- **What you are asked to do**
Beginning at the line that contains "Homemade Rhubarb and" and finishing at the line that contains "Étui à rouge", output the data below exactly. Include both end lines and no pictures.

··········

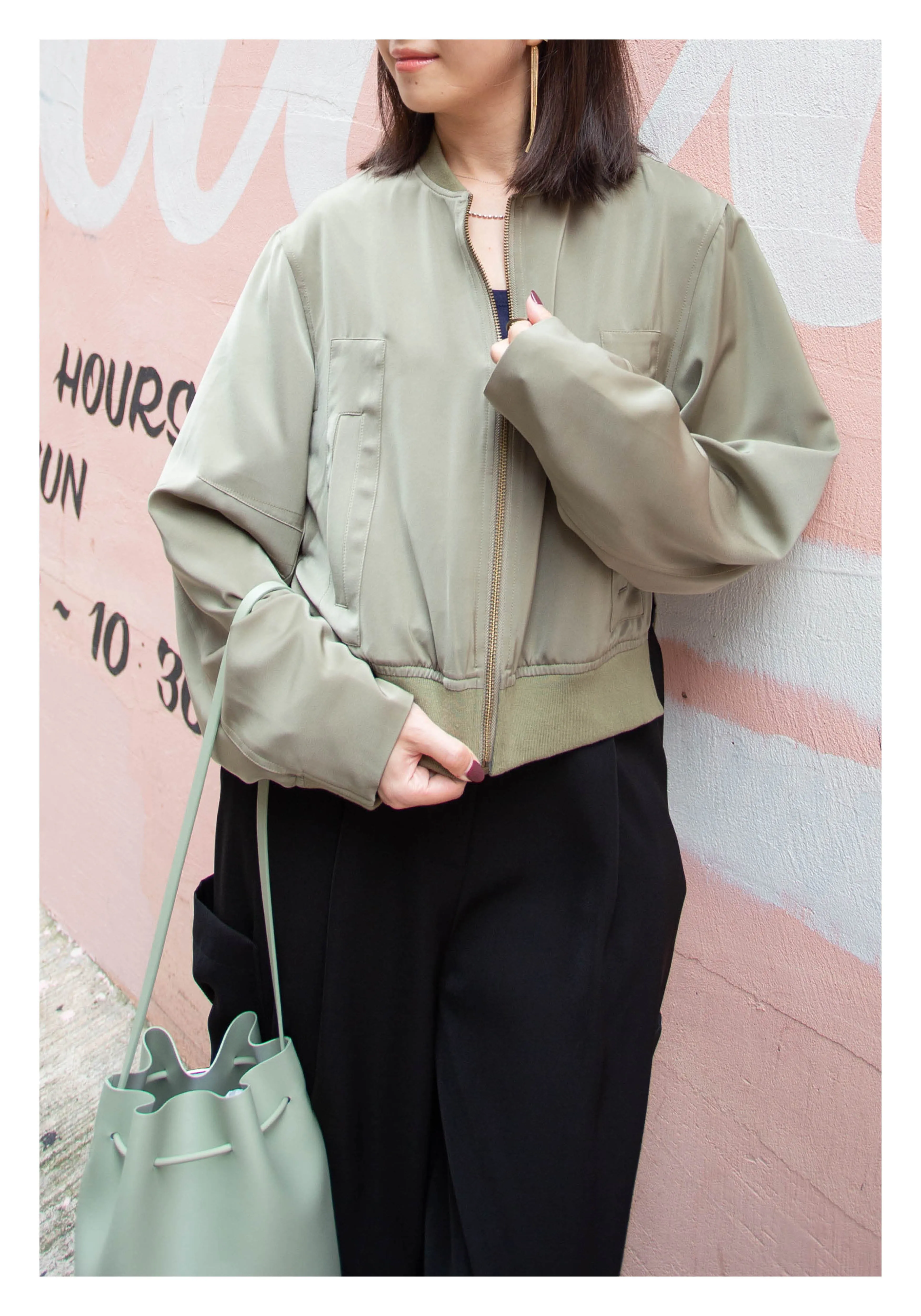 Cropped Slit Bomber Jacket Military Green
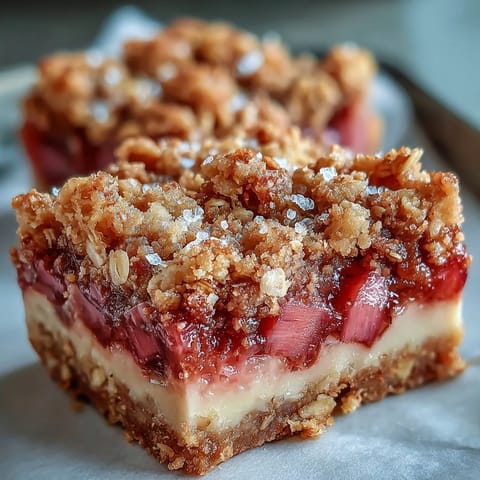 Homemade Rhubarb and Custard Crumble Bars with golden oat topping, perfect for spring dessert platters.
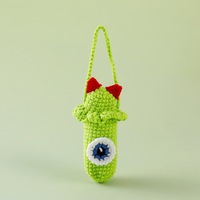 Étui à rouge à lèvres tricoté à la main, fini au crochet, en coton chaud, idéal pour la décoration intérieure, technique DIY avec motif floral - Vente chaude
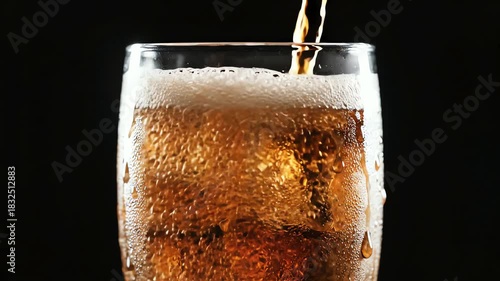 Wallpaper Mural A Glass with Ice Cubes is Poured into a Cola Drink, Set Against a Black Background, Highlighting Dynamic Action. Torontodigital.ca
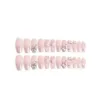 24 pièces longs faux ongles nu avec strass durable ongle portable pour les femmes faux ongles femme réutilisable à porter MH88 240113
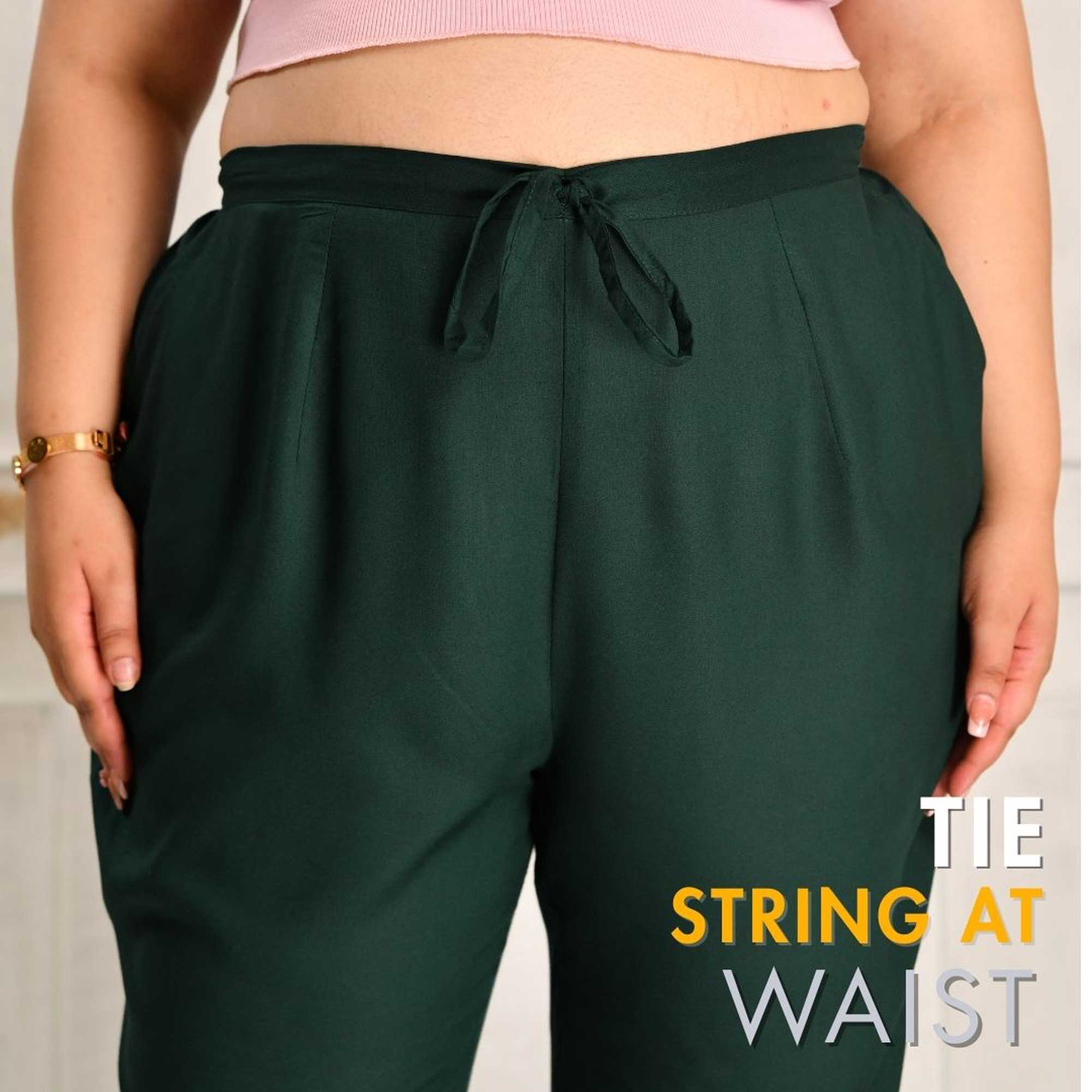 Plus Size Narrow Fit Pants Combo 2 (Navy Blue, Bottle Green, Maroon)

··········

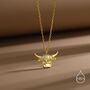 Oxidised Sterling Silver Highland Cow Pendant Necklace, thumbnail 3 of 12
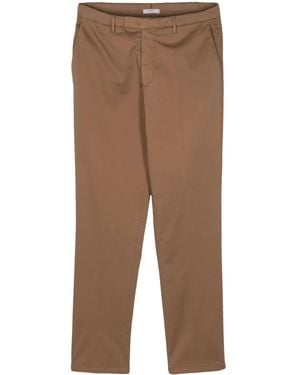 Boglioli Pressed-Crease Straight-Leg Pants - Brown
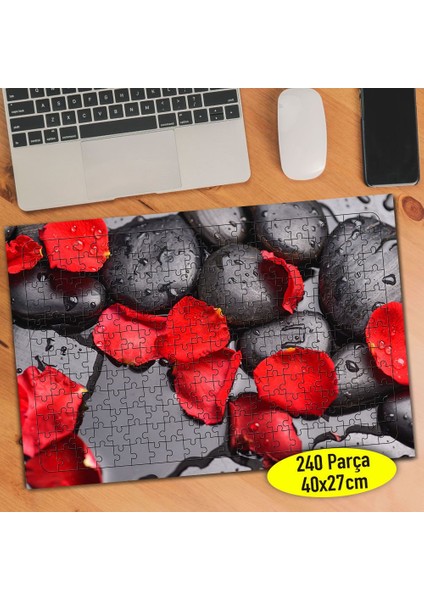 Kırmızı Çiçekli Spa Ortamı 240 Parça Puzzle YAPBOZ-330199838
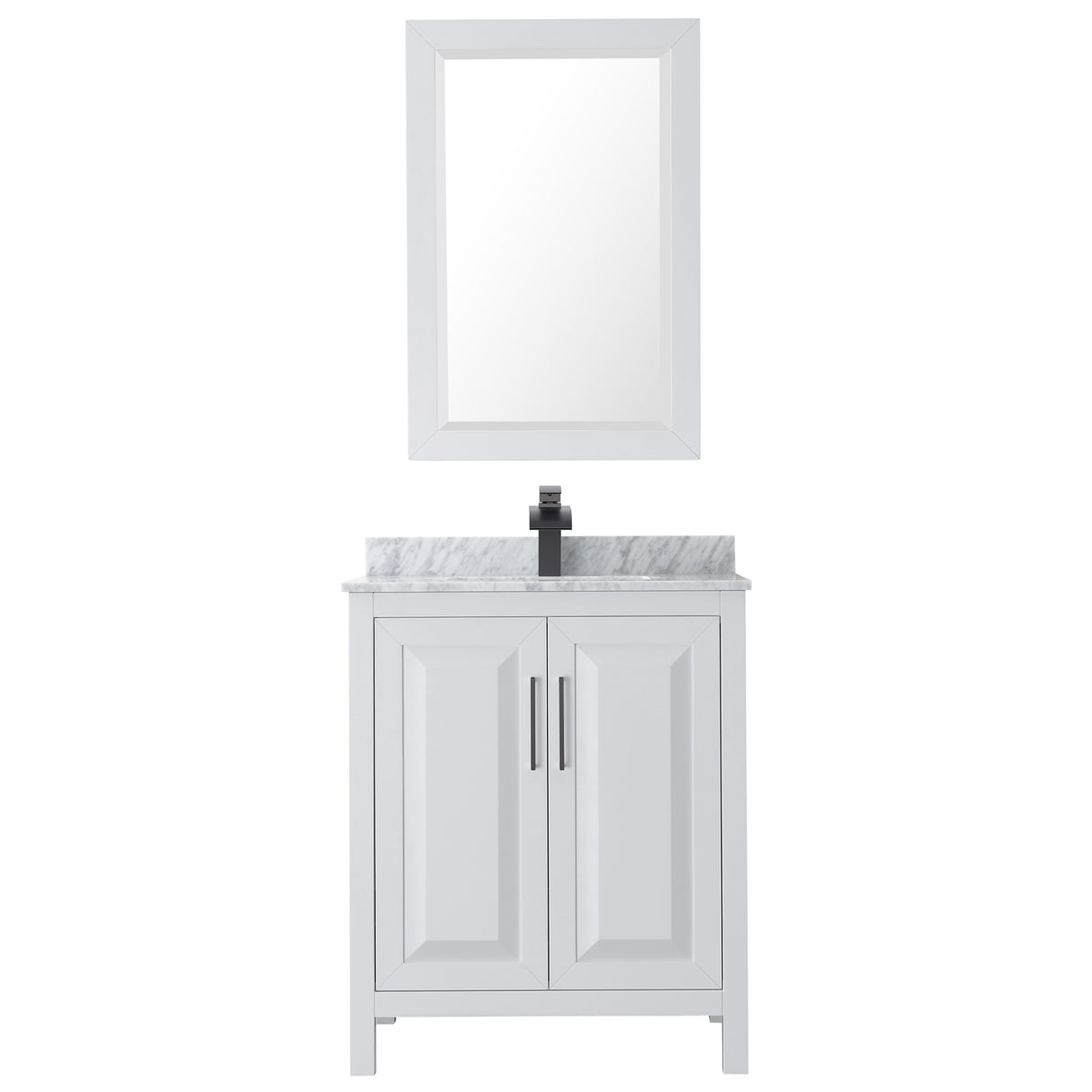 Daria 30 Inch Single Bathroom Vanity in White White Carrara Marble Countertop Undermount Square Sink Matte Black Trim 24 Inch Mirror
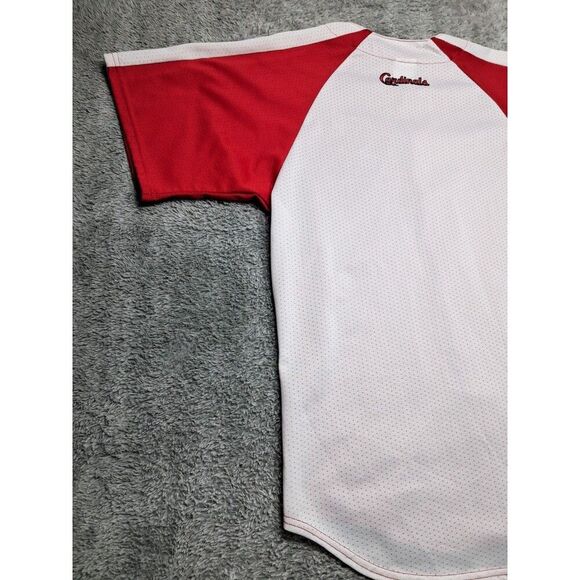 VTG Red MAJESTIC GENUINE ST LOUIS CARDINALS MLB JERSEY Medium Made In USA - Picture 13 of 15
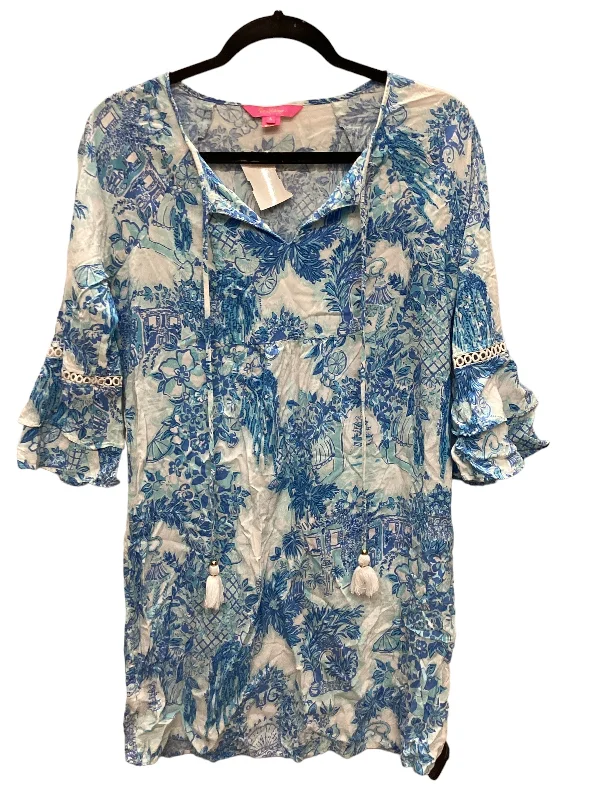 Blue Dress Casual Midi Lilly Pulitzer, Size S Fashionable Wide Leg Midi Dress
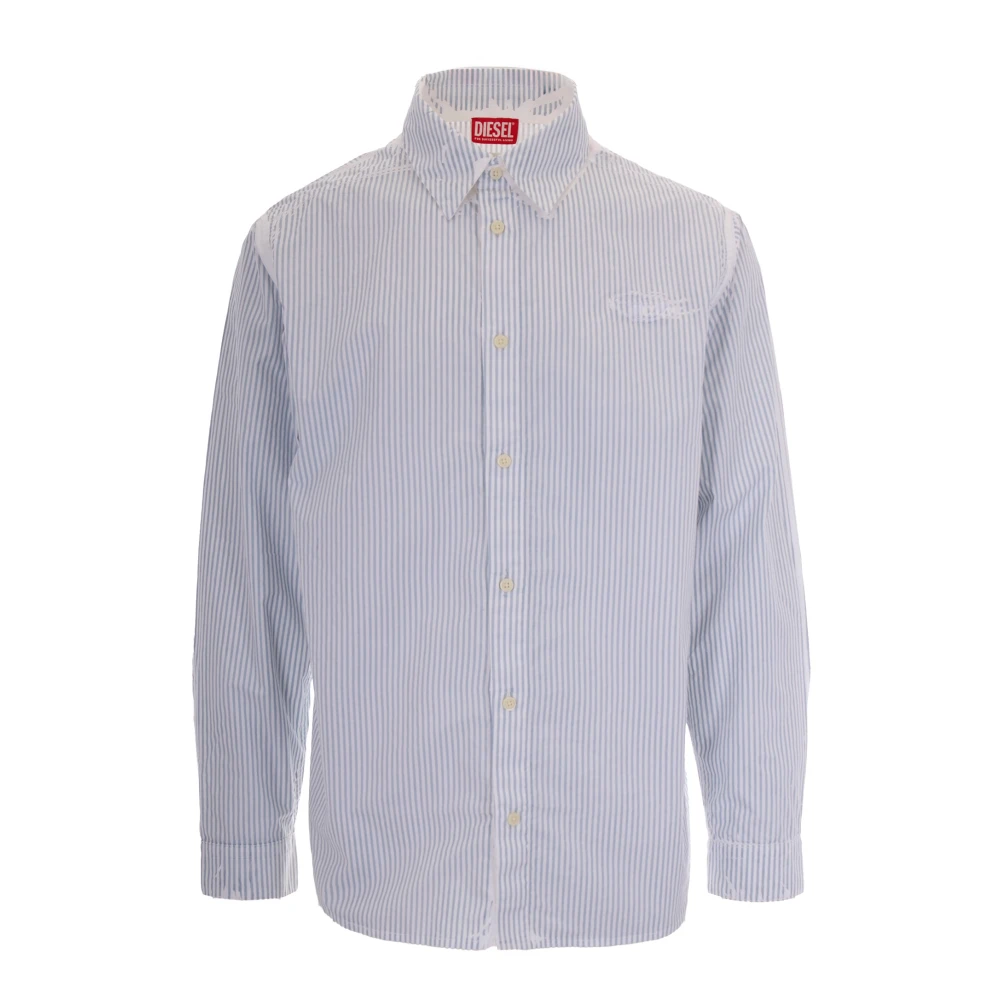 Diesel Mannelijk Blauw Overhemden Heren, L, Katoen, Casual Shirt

··········

- **Response to the task**
 Homemade Rhubarb and Custard Crumble Bars with golden oat topping, perfect for spring dessert platters.
 Étui à rouge à lèvres tricoté à la main, fini au crochet, en coton chaud, idéal pour la décoration intérieure, technique DIY avec motif floral - Vente chaude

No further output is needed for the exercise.